Voters list of India: data extraction, standardization, transliteration

Apriori Data approached Nannostomus to collect comprehensive data on registered voters from the Indian electoral authorities across all administrative divisions and states. Additionally, they needed the data to be cleaned and normalized. The India voter database was to be crosschecked and enriched with data from India Post. Furthermore, the goal was to aggregate all the data into a single, easily accessible file and update it yearly.

At a glance.

Duration:6 months + annual updates

Team:5 developers

Number of processed records: 1 billion+

Languages: 22

Location: India

The task at hand was to:

1.

Gather data on all registered voters aged 18 and higher from 29 Indian states and 7 union territories.

2.

Clean and standardize data fields. Verify data and add new fields from India Post.

3.

Provide English transliteration to data available in 22 official languages.

4.

Conduct yearly updates.

The key challenges of the sex offenders project

Large data volume.

Processing 1 billion records required immense computational power and storage capacity. Additionally, managing the speed and efficiency of data retrieval, updating, and backup operations posed technical difficulties.

Validation.

We cross-referenced data from Indian electoral authorities with information in India Post. In particular, we had to verify the addresses and names to deliver an accurate dataset. That was hard to perform due to differences in data formats and structures.

Standardization.

The raw source data came in various formats, layouts, and languages. Most records were in PDFs, but there were also photos of hand-written voter forms in languages not supported by common OCR solutions. All this required extensive normalization and a creative approach toward data recognition.

Transliteration.

The data in the voters list in India was available in native languages. In total, we processed 22 languages. Pinjab was the trickiest one as none of the OCRs couldn't extract text from images. We preserved the original language and had to convert non-English data into Roman characters, which demanded advanced linguistic expertise and machine transliteration algorithms.
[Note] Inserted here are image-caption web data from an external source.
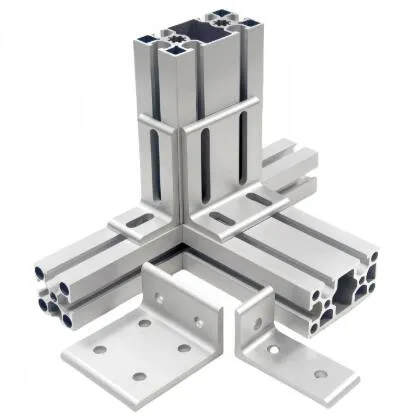 Σκόγο γωνίας αλουμινίου αλουμινίου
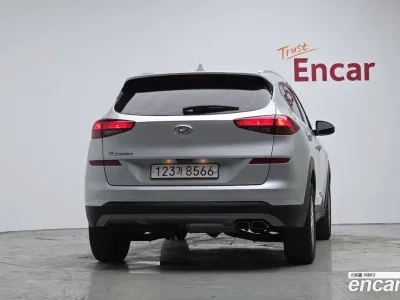 2020 Hyundai Tucson Diesel 1.6 2WD, фото 4, лот 10220676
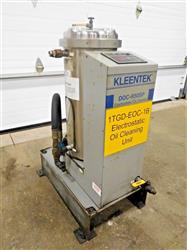 Image KLEENTEK DOC-R50SP Electrostatic Oil Cleaner - 8 from Bid-on-Equipment.com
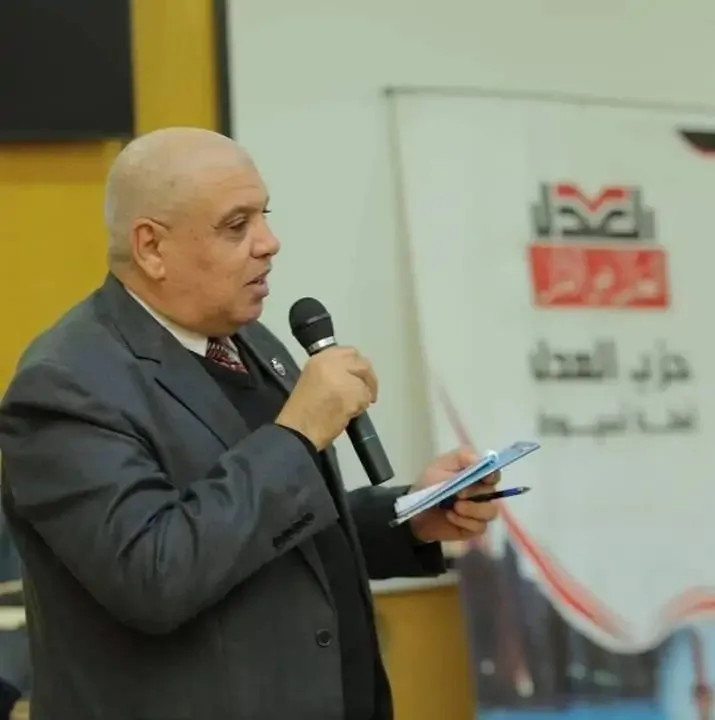 مرشح حزب “العدل” لمجلس الشيوخ في أسيوط يعلن عن تشكيل تحالف انتخابي قوي للمحافظة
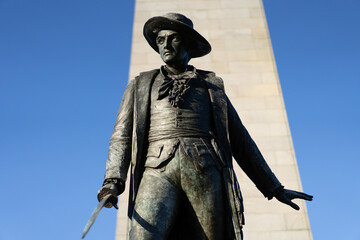 William Prescott Bunker Hill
We'll gather it for you from websites of any complexity.

What we did to create a voters list India

Data collection

Created modules, which we run at Nannostomus to collect PDFs and images with voter data from Electoral Authorities across India.

Machine training

Hired linguistic experts to develop algorithms for teaching virtual machines to recognize 22 Indian languages.

Data extraction

Wrote a code to extract data from PDF and applied OCR to render images that contained voter forms.

Data standardization

Cleaned, normalized, and transliterated the extracted data to ensure consistency within a unified voter database India.

Data validation

Cross-referenced the standardized data with India Post addresses to verify accuracy and completeness.

Annual updates

Monitored data release schedules and updated the database annually to include the latest information from Electoral Authorities and India Post.

Technologies

Nannostomus
Tesseract OCR
C#
.NET
AWS

Deliverables

Our client received a centralized digital voter ID database India with over one billion records aggregated from 36 sources. Data is available in native languages and transliterated into English.

We scraped public sources to collect PDF files and images containing information about Indian voters. Here are data points you'll find in our India voters list (both have variations in the native language and English transliteration):

  • Voter name
  • Relation's name
  • EPIC number
  • Address
  • Age
  • Sex
  • Year of birth
  • Year of electoral roll revision
  • Polling station name

Nannostomus delivered a CSV file with a standardized and enhanced voters list online India. The file contained 63 data fields, totally verified and normalized.

  • Standardized and enhanced voter data with full history, including past addresses and name changes.
  • Data available in 22 languages with machine transliteration applied.
  • Accurate and validated data through cross-referencing with India Post.